かつて18歳で北海道函館市を飛び出した青年は、世界を旅した末にライターとなり、家族とともに故郷に舞い戻りました。今回くらしごと編集部が気になってしまったのは、フリーランスのライターとして函館で活動する阿部光平さん。今でこそ函館を拠点にしていますが、そこに至るまでの経緯がずいぶん濃厚。函館に至って以降もだいぶ特濃。組織に属さず自分の才覚によって生きるフリーランスとして、そして3人の子どもを育てる親として、仕事とくらし、そしてまちとの関わりについて伺いました。
目立ちたがりの少年は上京し世界を目指す
改めて紐解く必要もないほど抜群の知名度を誇る、北海道屈指の観光都市・函館。レトロな街並みやイカなどの海産物、赤レンガ倉庫に五稜郭公園、名湯・湯の川温泉など、訪れたことがある人ならばお気に入りのスポットがスラスラと出てくるのでは?
今回お話を伺ったのは、ここ函館ご出身の阿部光平さん。優しい目と落ち着いた話しぶりが印象的です。まずは阿部さんの生い立ちについて聞いてみましょう。

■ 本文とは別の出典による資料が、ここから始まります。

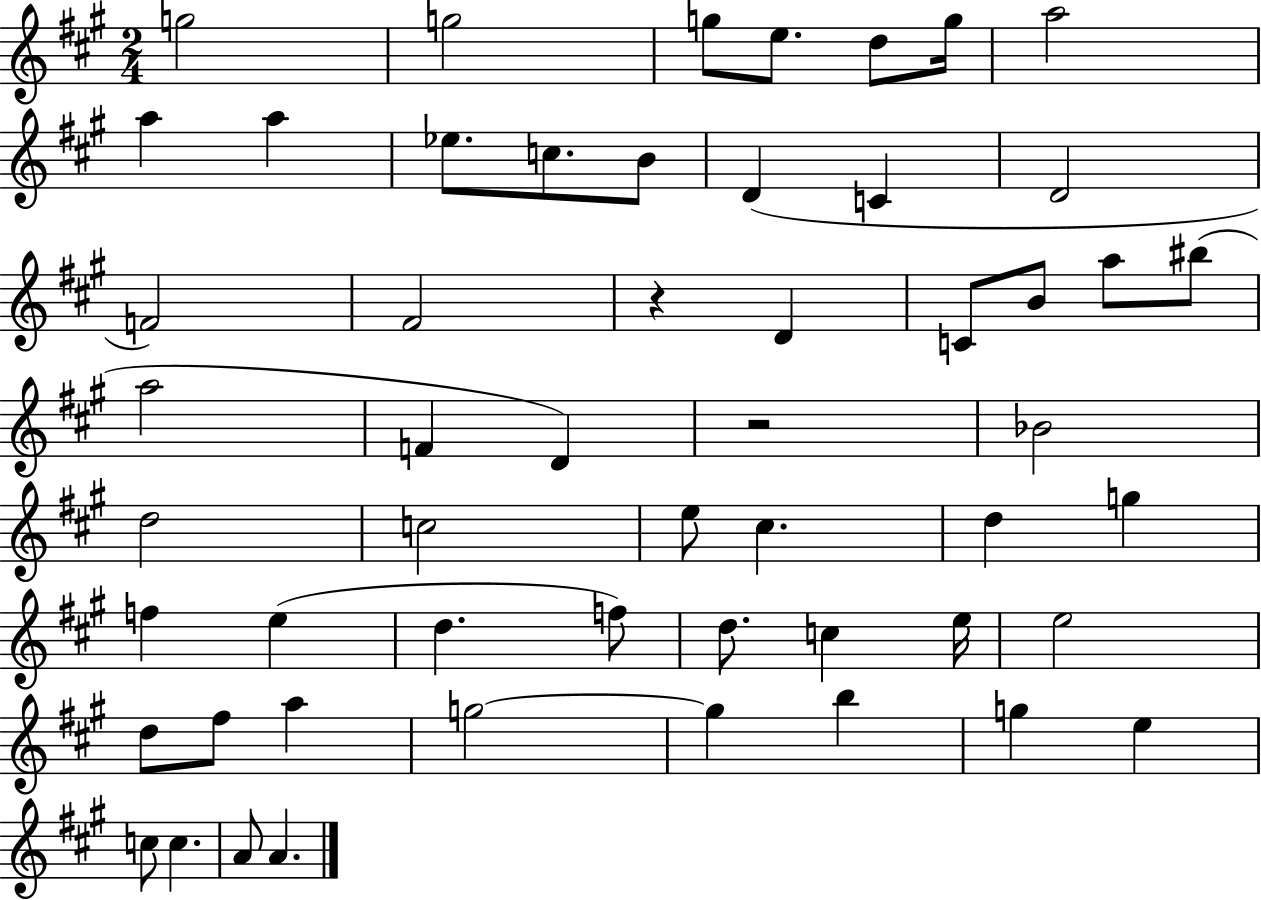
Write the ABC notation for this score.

X:1
T:Untitled
M:2/4
L:1/4
K:A
g2 g2 g/2 e/2 d/2 g/4 a2 a a _e/2 c/2 B/2 D C D2 F2 ^F2 z D C/2 B/2 a/2 ^b/2 a2 F D z2 _B2 d2 c2 e/2 ^c d g f e d f/2 d/2 c e/4 e2 d/2 ^f/2 a g2 g b g e c/2 c A/2 A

函館出身の阿部さんですが、学校の教師をしていたお父様の仕事の関係で、幼少期は何度か引っ越しを経験してきました。幼稚園の年長の時に北海道山越郡長万部町に引っ越しをして、そのまま小学校に入学。自ら「目立ちたがり屋だった」と評する阿部少年は、5年生の時に一大目立ちイベント「児童会役員選挙」に児童会長候補として出馬し、なんと見事当選を果たしました。
しかし、おお、なんという運命のいたずら。このタイミングで函館への引っ越しが決まり、その当選は淡くもその手中からすり抜けてしまいます。
「その当時、親に文句を言っていた覚えがあります。転入した函館の小学校では児童会に前期後期という設定があったので、目立ちたいからさっそく後期に立候補しましたが、知名度が無くて落選しました」
こちらが、フリーランスのライターとして函館で活動する阿部光平さん。
高校に進学すると、それまで学校・部活・家でほぼ100%が構成されていた生活に変化が起き、まちで遊ぶ楽しさに夢中になりました。
「放課後古着屋さんに行ったり、ライブハウスに行ったり。すると友達がすごく増えて、当時同じカルチャーで育った仲間とは今も付き合いがあります。函館の繁華街といえば函館駅前か五稜郭エリアなのですが、ぼくらは学校が五稜郭に近かったので五稜郭周辺で遊ぶことが多かったです」
やがて高校卒業を迎え、自らの進路を決める時期が来ます。おぼろげに「雑誌や映像の仕事をしてみたい」と考えていた阿部さん。大好きな函館のまちに居続けることと、東京で自分がやりたいことを叶えることを天秤にかけ、上京を決意します。
日本大学に進学し、映像制作やメディアについての基礎を学びながら、長期の休みになると海外へバックパッカー旅へ出かけました。外国を回るにつれ、次第に「住んでみたい」と思うようになった阿部さんは、大学卒業後そのままワーキングホリデーを利用し1年間オーストラリアで過ごしました。
それでもまだ世界への興味はすり減ることなく、さらに1年間をかけて北米、中米、南米、アフリカ、ヨーロッパ、アジアを回る世界一周の旅が始まります。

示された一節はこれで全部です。